→ **Task statement**
The entries should each be set down again precisely.

→ **Data to use**
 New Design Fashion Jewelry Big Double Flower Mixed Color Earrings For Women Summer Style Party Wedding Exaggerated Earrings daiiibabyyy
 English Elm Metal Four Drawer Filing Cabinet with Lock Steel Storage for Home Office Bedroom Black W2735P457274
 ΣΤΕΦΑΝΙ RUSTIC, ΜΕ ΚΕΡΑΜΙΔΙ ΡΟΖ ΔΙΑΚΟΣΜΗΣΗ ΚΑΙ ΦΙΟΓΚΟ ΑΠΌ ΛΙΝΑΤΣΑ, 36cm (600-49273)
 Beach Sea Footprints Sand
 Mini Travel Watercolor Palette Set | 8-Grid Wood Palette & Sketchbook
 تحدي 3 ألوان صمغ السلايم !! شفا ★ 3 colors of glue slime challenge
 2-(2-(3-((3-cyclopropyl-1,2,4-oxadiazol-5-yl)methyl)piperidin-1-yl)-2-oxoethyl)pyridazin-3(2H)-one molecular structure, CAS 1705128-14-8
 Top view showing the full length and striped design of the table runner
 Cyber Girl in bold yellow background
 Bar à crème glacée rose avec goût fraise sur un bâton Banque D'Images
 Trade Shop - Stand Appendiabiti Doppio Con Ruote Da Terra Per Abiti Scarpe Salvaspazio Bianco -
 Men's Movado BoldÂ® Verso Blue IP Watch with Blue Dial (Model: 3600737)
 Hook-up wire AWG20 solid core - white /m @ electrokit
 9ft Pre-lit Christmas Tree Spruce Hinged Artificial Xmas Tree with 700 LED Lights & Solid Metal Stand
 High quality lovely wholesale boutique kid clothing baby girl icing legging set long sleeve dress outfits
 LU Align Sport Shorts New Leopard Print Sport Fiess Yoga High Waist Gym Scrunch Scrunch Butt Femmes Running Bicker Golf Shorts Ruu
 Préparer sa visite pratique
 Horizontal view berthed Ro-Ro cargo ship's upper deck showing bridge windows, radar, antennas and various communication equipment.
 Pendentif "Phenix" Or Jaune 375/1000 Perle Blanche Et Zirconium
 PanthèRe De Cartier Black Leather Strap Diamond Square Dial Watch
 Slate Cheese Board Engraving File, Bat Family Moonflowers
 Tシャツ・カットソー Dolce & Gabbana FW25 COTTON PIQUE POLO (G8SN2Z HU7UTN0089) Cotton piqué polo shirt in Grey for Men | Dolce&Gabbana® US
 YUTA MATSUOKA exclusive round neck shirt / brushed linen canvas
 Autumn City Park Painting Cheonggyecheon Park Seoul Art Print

→ **Response area**
 New Design Fashion Jewelry Big Double Flower Mixed Color Earrings For Women Summer Style Party Wedding Exaggerated Earrings daiiibabyyy
 English Elm Metal Four Drawer Filing Cabinet with Lock Steel Storage for Home Office Bedroom Black W2735P457274
 ΣΤΕΦΑΝΙ RUSTIC, ΜΕ ΚΕΡΑΜΙΔΙ ΡΟΖ ΔΙΑΚΟΣΜΗΣΗ ΚΑΙ ΦΙΟΓΚΟ ΑΠΌ ΛΙΝΑΤΣΑ, 36cm (600-49273)
 Beach Sea Footprints Sand
 Mini Travel Watercolor Palette Set | 8-Grid Wood Palette & Sketchbook
 تحدي 3 ألوان صمغ السلايم !! شفا ★ 3 colors of glue slime challenge
 2-(2-(3-((3-cyclopropyl-1,2,4-oxadiazol-5-yl)methyl)piperidin-1-yl)-2-oxoethyl)pyridazin-3(2H)-one molecular structure, CAS 1705128-14-8
 Top view showing the full length and striped design of the table runner
 Cyber Girl in bold yellow background
 Bar à crème glacée rose avec goût fraise sur un bâton Banque D'Images
 Trade Shop - Stand Appendiabiti Doppio Con Ruote Da Terra Per Abiti Scarpe Salvaspazio Bianco -
 Men's Movado BoldÂ® Verso Blue IP Watch with Blue Dial (Model: 3600737)
 Hook-up wire AWG20 solid core - white /m @ electrokit
 9ft Pre-lit Christmas Tree Spruce Hinged Artificial Xmas Tree with 700 LED Lights & Solid Metal Stand
 High quality lovely wholesale boutique kid clothing baby girl icing legging set long sleeve dress outfits
 LU Align Sport Shorts New Leopard Print Sport Fiess Yoga High Waist Gym Scrunch Scrunch Butt Femmes Running Bicker Golf Shorts Ruu
 Préparer sa visite pratique
 Horizontal view berthed Ro-Ro cargo ship's upper deck showing bridge windows, radar, antennas and various communication equipment.
 Pendentif "Phenix" Or Jaune 375/1000 Perle Blanche Et Zirconium
 PanthèRe De Cartier Black Leather Strap Diamond Square Dial Watch
 Slate Cheese Board Engraving File, Bat Family Moonflowers
 Tシャツ・カットソー Dolce & Gabbana FW25 COTTON PIQUE POLO (G8SN2Z HU7UTN0089) Cotton piqué polo shirt in Grey for Men | Dolce&Gabbana® US
 YUTA MATSUOKA exclusive round neck shirt / brushed linen canvas
 Autumn City Park Painting Cheonggyecheon Park Seoul Art Print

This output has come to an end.